WHAT NEEDS TO BE DONE »
Once the line holding "Projektörler teker teker" is found in the entries below, transcribe exactly every line up to and including the one holding "the wedding stationery", but leave out the pictures.

── RECORDS FOR THIS TASK ──

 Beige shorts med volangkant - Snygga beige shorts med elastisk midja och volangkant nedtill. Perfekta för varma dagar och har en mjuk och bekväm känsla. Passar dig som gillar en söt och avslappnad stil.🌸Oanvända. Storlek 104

───
── RECORDS FOR THIS TASK ──

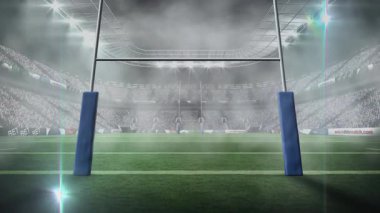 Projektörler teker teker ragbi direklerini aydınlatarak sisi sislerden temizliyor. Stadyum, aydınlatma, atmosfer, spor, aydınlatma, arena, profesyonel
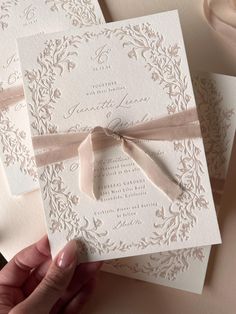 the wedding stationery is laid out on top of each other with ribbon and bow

───

EXPECTED OUTPUT »
 Projektörler teker teker ragbi direklerini aydınlatarak sisi sislerden temizliyor. Stadyum, aydınlatma, atmosfer, spor, aydınlatma, arena, profesyonel
 the wedding stationery is laid out on top of each other with ribbon and bow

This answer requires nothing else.